In case you are scratching your noggin over the title of this post we recently returned from a trip of almost two weeks through Eastern Europe.  

Formerly a satellite nation in the orbit of the Soviets; in 1993 Czechoslovakia separated peacefully into two new countries - the Czech Republic and Slovakia.  A great number of Slovaks were of the opinion that the country was too Prague-centric and a great number of Czechs felt they were subsidizing Slovakia.  Neither country garnered a popular majority supporting independence.  Nevertheless, the divorce was orchestrated by the Czech and Slovak prime ministers - Vaclav Klaus and Vladimir Meciar following the 1992 elections.

The German Democratic Republic (GDR), aka East Germany, was reunified with West Germany on October 3, 1990.  The GDR was neither a democracy nor a republic.  Another former satellite nation in the orbit of the Soviets, free elections were nonexistent.  Citizens were generally forbidden to travel and lived under the iron rule of a puppet state answerable to Soviet Russia.

The people I met in both the Czech Republic and formerly East Germany have now been freed of Soviet domination for three decades.  They do not speak fondly of the Communist Years nor do they harbor any fondness for their former Russian overlords.

The boundary that divided Europe into two spheres of influence for more than three generations following the end of the Second World War and the end of the Cold War in 1991 was metaphorically known as the Iron Curtain.  

The Iron Curtain was a symbol of the effort made by the Soviet Union to keep its satellite states from the influence of the decadent west.  Unintentionally, this became our trip behind what was previously on the other side of the iron curtain.

The front end of the trip began with several days in Prague and ended with several days in Berlin.  Before, after and in-between were plenty of sights to be seen, food to eaten and terrific adult beverages to be quaffed.  
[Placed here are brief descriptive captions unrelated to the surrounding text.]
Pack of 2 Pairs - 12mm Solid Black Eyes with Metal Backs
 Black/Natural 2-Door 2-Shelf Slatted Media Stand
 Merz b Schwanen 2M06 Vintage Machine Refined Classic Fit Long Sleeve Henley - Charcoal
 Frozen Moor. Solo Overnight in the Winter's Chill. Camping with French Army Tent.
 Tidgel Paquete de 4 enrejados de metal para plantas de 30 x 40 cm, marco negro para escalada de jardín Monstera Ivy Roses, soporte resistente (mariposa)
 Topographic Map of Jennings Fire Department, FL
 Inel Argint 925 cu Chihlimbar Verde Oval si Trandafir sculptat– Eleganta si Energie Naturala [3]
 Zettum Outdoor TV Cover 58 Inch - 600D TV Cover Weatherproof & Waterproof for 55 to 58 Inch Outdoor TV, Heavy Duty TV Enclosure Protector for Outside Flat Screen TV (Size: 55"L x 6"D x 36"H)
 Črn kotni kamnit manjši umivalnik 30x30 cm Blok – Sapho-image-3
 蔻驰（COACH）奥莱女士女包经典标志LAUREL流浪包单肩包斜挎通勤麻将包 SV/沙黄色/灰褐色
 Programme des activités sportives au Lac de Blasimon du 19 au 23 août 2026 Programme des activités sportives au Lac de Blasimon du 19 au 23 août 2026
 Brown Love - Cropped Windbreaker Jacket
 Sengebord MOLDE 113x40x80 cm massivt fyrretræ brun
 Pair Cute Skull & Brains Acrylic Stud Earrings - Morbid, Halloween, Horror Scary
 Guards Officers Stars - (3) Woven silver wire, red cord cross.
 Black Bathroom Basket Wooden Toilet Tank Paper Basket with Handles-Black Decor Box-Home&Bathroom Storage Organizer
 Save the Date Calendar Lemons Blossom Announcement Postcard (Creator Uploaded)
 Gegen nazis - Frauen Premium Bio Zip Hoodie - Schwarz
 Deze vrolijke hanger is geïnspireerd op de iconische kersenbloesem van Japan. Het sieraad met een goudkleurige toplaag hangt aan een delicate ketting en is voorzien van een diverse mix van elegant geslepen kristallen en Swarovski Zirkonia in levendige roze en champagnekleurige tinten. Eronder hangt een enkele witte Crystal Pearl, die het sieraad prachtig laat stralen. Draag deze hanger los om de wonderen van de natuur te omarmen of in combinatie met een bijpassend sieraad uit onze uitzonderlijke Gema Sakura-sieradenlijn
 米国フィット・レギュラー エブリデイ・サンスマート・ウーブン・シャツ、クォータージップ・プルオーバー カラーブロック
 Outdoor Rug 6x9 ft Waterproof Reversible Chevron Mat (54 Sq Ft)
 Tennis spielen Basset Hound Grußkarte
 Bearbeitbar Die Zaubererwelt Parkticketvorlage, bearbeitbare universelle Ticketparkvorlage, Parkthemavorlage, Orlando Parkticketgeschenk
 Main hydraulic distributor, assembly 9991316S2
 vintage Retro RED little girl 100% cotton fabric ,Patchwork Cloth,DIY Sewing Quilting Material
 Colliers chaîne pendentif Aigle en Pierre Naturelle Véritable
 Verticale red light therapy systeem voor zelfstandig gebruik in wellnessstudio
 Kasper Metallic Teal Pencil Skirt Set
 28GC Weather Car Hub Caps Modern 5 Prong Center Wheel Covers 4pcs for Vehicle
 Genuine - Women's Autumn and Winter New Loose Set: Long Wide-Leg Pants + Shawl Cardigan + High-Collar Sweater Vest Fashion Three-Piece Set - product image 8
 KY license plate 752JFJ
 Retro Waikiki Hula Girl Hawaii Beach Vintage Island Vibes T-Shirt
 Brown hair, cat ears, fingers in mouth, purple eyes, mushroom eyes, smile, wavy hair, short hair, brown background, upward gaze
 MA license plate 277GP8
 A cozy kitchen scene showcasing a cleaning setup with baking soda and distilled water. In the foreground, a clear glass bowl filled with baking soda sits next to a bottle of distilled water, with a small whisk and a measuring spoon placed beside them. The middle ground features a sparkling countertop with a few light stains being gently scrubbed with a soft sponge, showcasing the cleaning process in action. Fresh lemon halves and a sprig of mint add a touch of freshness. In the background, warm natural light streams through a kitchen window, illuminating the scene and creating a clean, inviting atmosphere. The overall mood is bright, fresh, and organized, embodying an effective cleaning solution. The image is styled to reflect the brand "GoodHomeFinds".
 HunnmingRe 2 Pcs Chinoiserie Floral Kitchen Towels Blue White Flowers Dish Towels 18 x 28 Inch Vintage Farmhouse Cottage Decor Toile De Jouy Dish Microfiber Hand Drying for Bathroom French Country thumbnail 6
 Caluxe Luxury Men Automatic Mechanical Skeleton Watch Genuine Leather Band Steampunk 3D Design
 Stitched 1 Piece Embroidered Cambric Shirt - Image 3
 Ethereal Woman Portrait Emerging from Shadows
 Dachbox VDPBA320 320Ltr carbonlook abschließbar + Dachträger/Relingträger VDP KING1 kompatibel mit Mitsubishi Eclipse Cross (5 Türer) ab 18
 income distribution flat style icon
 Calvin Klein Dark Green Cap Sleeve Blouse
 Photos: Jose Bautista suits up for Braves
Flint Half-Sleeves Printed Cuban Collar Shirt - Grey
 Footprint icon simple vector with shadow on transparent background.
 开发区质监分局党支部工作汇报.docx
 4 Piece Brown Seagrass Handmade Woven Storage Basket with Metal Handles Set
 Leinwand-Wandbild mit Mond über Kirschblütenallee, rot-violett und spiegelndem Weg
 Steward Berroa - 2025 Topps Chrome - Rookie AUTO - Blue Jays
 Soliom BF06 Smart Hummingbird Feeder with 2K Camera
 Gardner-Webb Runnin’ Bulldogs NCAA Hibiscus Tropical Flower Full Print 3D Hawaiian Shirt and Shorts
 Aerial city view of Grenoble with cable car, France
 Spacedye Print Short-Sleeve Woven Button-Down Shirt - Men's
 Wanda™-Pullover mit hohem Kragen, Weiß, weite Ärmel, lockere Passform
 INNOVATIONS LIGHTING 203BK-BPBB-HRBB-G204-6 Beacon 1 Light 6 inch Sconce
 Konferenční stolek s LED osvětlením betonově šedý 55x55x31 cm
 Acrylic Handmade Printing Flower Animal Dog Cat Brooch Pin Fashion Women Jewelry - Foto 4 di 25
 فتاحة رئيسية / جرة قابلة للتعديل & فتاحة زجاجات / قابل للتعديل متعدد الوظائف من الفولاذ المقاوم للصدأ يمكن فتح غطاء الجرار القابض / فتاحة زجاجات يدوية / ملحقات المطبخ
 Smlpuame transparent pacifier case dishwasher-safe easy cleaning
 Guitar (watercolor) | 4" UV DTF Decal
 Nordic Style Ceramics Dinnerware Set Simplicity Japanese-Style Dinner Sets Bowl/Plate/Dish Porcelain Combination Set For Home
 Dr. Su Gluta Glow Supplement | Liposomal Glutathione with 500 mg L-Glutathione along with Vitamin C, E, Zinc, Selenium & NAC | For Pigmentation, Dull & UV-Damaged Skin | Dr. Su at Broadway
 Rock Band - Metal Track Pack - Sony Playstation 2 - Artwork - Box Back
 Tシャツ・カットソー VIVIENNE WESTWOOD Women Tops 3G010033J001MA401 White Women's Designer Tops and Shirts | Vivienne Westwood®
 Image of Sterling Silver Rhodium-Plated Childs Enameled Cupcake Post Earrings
Speaking of which, if you've ever consumed an imported Pilsner Urquell from a green glass bottle in the states you might comment that it is a good beer.  Highly-hopped, almost to the point of skunkiness, nevertheless a good beer.


Pilsner Urquell served from the tap is milder, full-bodied yet mellow and delicious.  Of course, I would say the same thing about Guinness stout in Ireland.  A Guinness consumed in the shadow of the brewery is better.  But I am biased.  And I digress.

Czech cooking famously features pork, duck and chicken, cabbage and various dumplings swimming in delicious gravy.

One Czech Koruna is worth about .046 USD.  500 Koruna is worth about $23 and a mug of delicious Czech pils will set you back about 5 CZK.  The Czech Republic is both a member of the EU and NATO but does maintain its own currency.

If you fetch a couple thousand CZK from the ATM at a bank you'll feel like a high roller.  Live it-up as the exchange rate is in your favor.

And don't sweat deciphering the bill after dinner.  Learn a little Czech to match a little English.  The rest is gestures. 

Pro Tip: Euros and American dollars are readily accepted.